We are walking through a stone arch
into a rally where he is
unwelcome. Ugly murmurs.
‘‘They don’t get it,’’ he turns to me,
‘‘all the hard work we do.’’

To cheer him up I tell a joke
about my dog dragging in
parts of a bird and then puking
the rest on the kitchen tile.
‘‘I will gladly identify
the species,’’ I tell him
I told my wife, ‘‘if you’ll collect
the bones and feathers.’’

He laughs in appreciation,
his estimate of me risen.
He asks me to sit next to him
on the reviewing stand, next
to the woman with knees sharp
as the corners of boxes who wears
a dark suit Hepburn wore
as Holly Golightly. She sneers.

Some soldiers and some time
and some weapons go by.
It’s not getting any easier.
Boos and catcalls. A shuffle
and ruckus in the bleachers.
The point is: I like him
his eyes not at all what
I imagined.
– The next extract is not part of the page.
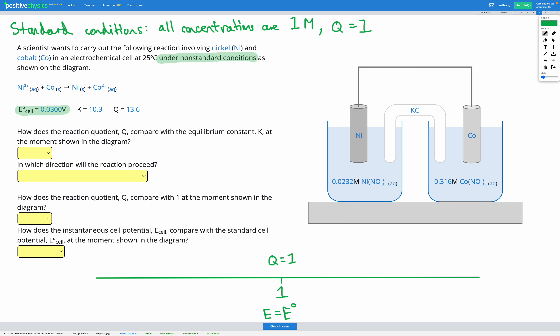In this question, K is bigger than 1 — it's 10.3 — so I'll mark K somewhere higher up the number line. When Q is equal to K, that means neither the forwards nor backwards reaction is favored; we're at equilibrium. In that case, our cell potential would be 0, because nothing's going to change. So if Q equals K, then our cell potential equals 0.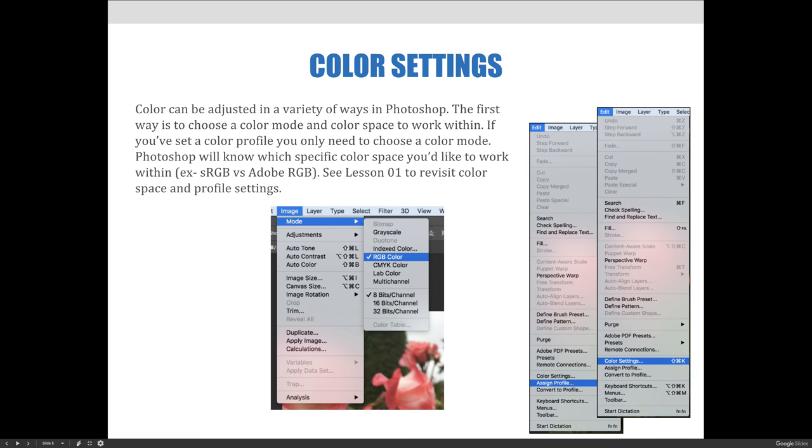If you set a color profile, you only need to choose a color mode. Photoshop will know which specific color space you'd like to work within. Please see Lesson 1, Introduction to Color Management, to revisit color space and profile settings.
It’s time to leave

and quickly, his agents say. It’s no good
being out in the open like this.
And we are. I look around and note
we are under the stars at Tikal,
steps crumbling into the hillside.
When I look back, the President is gone
with all the rest. The crowd mutters, blood
thrumming in the ear, this theater in ruins.